Even before it has been polished you can see the vitreous lustre (no that's not a typo- that's how we spell it here in Canada). I had to cut the slabs a little thicker because the stone is quite a bit softer than the agate I normally work with. Agate has a hardness of 6.5-7 while this is 3.5-4, close to calcite and flourite.
What really stands out, apart from the lustre, is the beautiful linear design which is a product of how and where the stone was formed. Rhodochrosite is often found in veins associated with silver and I'm pretty sure this piece came from a silver mine in Argentina but the circular patterns are because this rock actually formed as a cave piller (stalactite or stalagmite) one drop at a time!
Rhodochrosite is sometimes called Inca Rose and is, in fact, the national gemstone of Argentina. It is sometimes referred to as the "Stone of the Compassionate Heart" which is probably why I identify with it so much, me being such a compassionate individual and all, (heh,heh).
So what happens now?
Maybe it will inspire Lisa to introduce a new colour of hand dyed yarn through Seawall Fibres (yes, that's how we spell fibre in Canada).

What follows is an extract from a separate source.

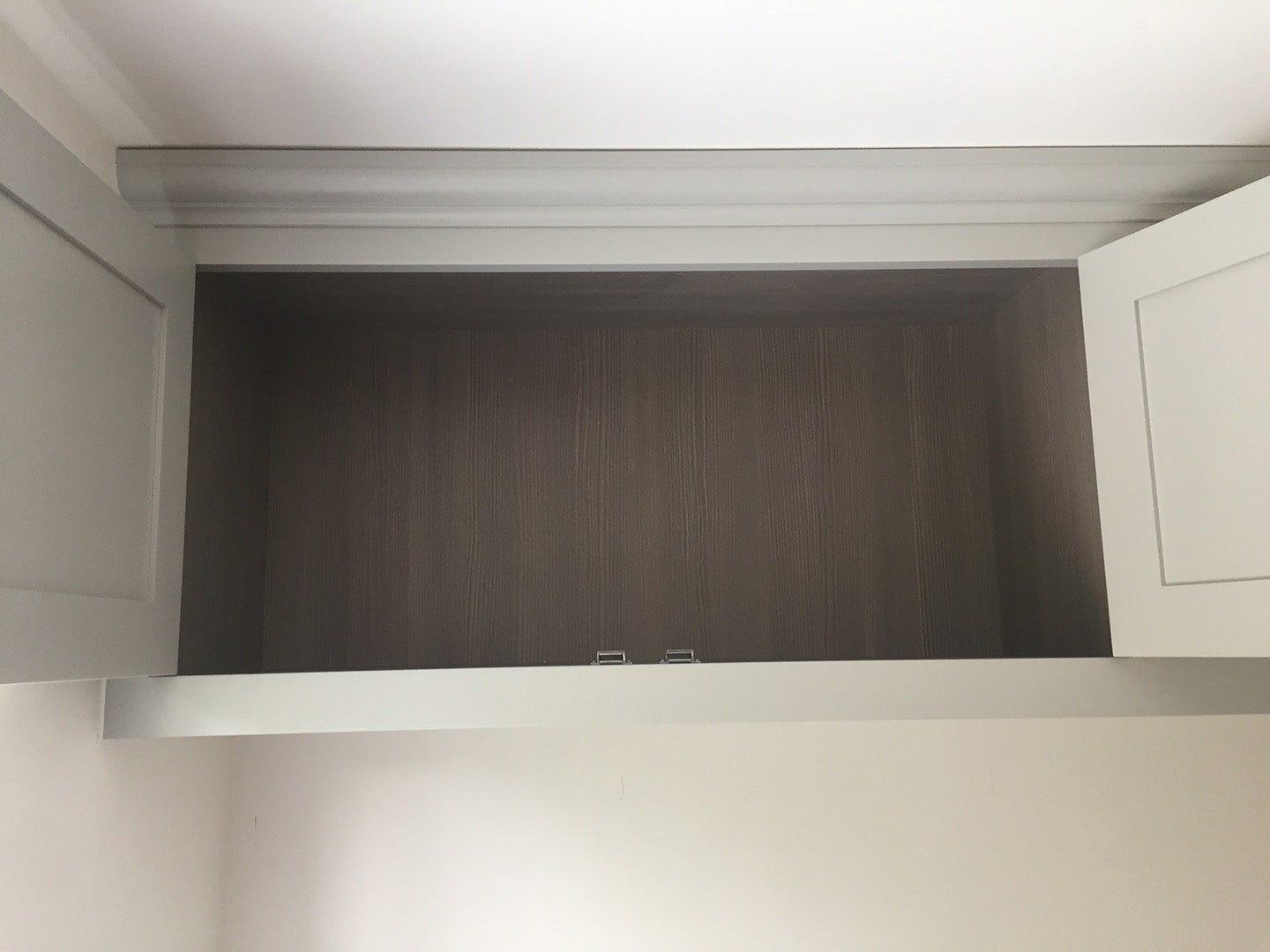 Over head cupboards for storage with the doors open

The stone in the lower right is a thin end piece and it will be cut about in half and shaped as per the instructions of "She Who MUST Be Obeyed. The other three pieces will be turned over to her as well and she will decide how she wants them cut and shaped. I can tell you this- we're going to get some beautiful pieces in the end and I'll try to post follow up pics as they become available.